There are new developments in the case of IDF chief of staff, Gabi Askhenzai, who I revealed yesterday was under criminal investigation for his role in the hoax Galant memo. Today, the chief government investigator in the case revealed (well, he didn’t exactly “reveal” this since there’s a gag order prohibiting Ashkenazi’s name being mentioned in the context of the case) that while the fraudulent memo provided the original impetus for the investigation, the criminal investigation concerns corrupt business dealings between the author of the memo, Lt. Col. Boaz Harpaz, and Lt. Gen. Ashkenazi. During the rule of Ariel Sharon, Ashkenazi was the director general of the defense ministry and allegedly secured Harpaz arms dealing licenses which also benefited Ashkenazi’s son. Ronen Bergman in this interview (1:14 ff.) goes so far as to say that Harpaz was Askhenazi’s “spy” while the former served in Ehud Barak’s office.
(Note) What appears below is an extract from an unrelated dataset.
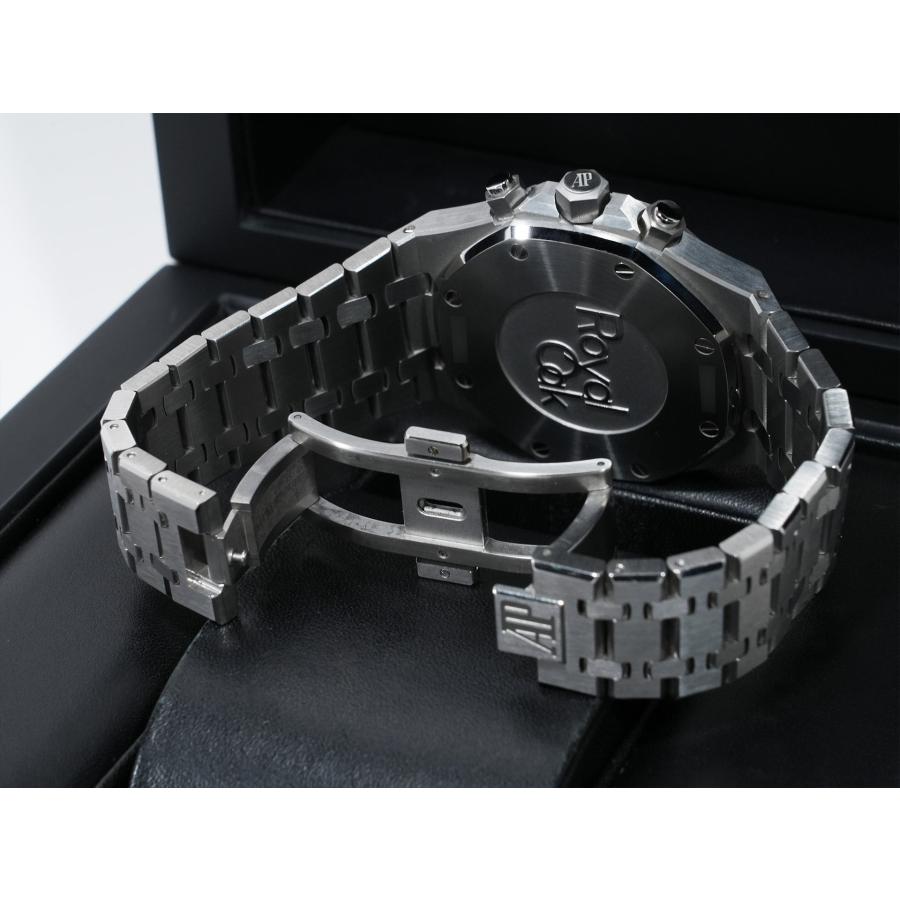 オーデマピゲ ロイヤルオーク クロノグラフ Ref.26320ST.OO.1220ST.02 ステンレススチール シルバー文字盤 | ロイヤルオーク | 07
This is why, when Barak refused to extend the current chief’s term, he noted the reason was “matters of ethics.” This sure sounds like it could be the reason. It also explains why Harpaz might be so indebeted to Ashkenazi that the military intelligence officer might forge a memo at the behest of his ex-go-to guy. Further, investigators have allegedly uncovered hundreds of text messages between Harpaz and Ashkenazi’s wife’s cell phone. Which would indicate that Harpaz did not act alone, but in conspiracy with Ashkenazi. If this is proven to be true, one wonders at how a chief of staff can have the sheer brazenness to believe he can act in such a way without getting caught. Don’t these guys do even the most basic internal deliberation to determine whether whatever benefit they might gain from such shenanigans is worth the price they would pay if exposed???
Lest you think that such corrupt dealings are confined to this one chief of staff, the position is known as a means to enrich its holder. Barak, himself a former chief of staff, created Ehud Barak Ltd. after his 2001 election defeat. It earned nearly $10-million over a four and a half year period through exploitation of the web of contacts he’d made in the IDF and as prime minister. Uri Blau delves into precisely the same types of wheeling and dealing on Ashkenazi’s part before he became director general. The current chief of staff also violated government protocols by refusing to acknowledge the business dealings of his son which might cause a conflict of interest when he assumed his role in the defense ministry. However, the notion that another wheeler-dealer like Barak should find Ashkenazi ethically-challenged is a bit far-fetched. It’s a bit of the pot calling the kettle…
Finally, in a particularly notorious instance, then chief of staff Dan Halutz, after he discovered the Lebanon war would break out imminently, spent more time in those few hours contacting his stock broker than he did on prosecuting the war.